NEWS RELEASE Tim Finchem, Commissioner of the US PGA Tour, has confirmed what was hinted at by a few players last week: the tour has informed the US Golf Association and Britain's Royal and Ancient that its membership opposes their proposed ban on the anchored stroke that has fed the popularity of long putters.
''I think the essential thread that went through the thinking of the players and our board of directors and others that looked at this,'' Finchem said, ''was that in the absence of data or any basis to conclude that there is a competitive advantage to be gained by using anchoring, and given the amount of time that anchoring has been in the game, that there was no over-riding reason to go down that road.''
Long putters have been part of the game for decades, but before 2001 only three players had won a US PGA Tour event while using one.

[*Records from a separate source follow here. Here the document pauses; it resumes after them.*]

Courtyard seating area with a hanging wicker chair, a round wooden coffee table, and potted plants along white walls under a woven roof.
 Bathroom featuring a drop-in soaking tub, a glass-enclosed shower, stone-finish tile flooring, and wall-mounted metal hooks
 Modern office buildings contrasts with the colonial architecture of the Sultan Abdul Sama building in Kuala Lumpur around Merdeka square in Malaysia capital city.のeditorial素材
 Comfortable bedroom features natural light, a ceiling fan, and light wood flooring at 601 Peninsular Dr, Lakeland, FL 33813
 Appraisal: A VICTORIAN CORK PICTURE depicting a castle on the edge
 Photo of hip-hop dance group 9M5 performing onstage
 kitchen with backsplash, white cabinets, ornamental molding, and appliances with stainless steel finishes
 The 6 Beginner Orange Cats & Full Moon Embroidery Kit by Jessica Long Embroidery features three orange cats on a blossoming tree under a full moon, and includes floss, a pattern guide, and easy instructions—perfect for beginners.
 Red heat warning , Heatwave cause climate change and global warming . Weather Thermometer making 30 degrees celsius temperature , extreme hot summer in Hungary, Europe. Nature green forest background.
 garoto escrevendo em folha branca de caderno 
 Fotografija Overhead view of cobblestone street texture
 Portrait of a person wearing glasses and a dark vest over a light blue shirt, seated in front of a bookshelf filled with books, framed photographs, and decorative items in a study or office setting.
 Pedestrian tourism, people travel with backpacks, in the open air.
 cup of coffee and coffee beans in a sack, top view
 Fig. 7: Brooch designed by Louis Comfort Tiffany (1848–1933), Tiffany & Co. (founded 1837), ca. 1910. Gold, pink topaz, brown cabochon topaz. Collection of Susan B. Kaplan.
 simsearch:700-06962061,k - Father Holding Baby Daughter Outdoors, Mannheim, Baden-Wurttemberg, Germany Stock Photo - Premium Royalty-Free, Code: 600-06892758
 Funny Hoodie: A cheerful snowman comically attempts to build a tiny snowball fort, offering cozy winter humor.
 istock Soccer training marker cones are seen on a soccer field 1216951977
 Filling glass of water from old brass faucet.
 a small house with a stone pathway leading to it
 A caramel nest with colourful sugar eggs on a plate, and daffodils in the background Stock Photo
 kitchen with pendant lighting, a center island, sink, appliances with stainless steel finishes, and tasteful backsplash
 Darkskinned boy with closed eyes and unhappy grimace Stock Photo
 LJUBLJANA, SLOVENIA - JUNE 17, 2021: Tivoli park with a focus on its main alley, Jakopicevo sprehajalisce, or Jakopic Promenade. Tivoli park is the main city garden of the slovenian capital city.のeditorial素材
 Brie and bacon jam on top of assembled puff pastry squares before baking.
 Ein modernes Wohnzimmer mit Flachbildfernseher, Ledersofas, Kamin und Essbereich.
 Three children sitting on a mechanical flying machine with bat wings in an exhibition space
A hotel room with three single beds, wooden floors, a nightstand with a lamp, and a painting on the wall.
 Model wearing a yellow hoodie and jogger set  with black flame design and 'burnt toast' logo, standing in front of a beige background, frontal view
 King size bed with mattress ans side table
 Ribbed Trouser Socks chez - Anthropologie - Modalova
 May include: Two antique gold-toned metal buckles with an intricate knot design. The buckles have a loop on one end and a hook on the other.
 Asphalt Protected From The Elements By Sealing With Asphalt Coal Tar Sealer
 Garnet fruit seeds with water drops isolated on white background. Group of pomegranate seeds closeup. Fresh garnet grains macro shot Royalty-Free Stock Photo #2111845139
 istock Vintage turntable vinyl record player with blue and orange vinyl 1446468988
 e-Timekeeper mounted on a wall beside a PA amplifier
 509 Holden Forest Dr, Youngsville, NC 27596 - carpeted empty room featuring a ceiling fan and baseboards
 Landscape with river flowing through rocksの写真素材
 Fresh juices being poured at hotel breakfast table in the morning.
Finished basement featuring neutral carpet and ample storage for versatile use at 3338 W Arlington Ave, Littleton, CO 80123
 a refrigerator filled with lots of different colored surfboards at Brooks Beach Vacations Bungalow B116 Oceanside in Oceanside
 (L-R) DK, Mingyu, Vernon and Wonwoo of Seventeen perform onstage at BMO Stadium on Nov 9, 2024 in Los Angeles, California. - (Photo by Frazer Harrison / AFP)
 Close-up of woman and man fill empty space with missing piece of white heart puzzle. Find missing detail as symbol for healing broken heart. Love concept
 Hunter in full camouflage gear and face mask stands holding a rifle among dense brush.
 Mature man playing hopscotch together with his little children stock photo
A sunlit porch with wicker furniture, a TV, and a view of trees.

They became a hot issue last year when Ernie Els won the British Open and became the third champion in five majors to use a long putter, joining Keegan Bradley [the 2011 US PGA Championship] and Webb Simpson [the 2012 US Open].
In November, when he announced the proposed ban, Mike Davis, the USGA executive director, said 15 per cent of the players on the US PGA Tour used an anchored putter in 2012. That was up from 11 per cent in 2011 and 6 per cent from 2006 to 2010.
An increasing number of amateurs in recent years have flocked to long putters and the anchored stroke, some in reaction to nerves that caused them to miss short putts.
Finchem did not reveal whether the US PGA Tour would defy the rule should it still go ahead, hoping instead the rule makers will reconsider.
The PGA of America, he said, also opposed the ban.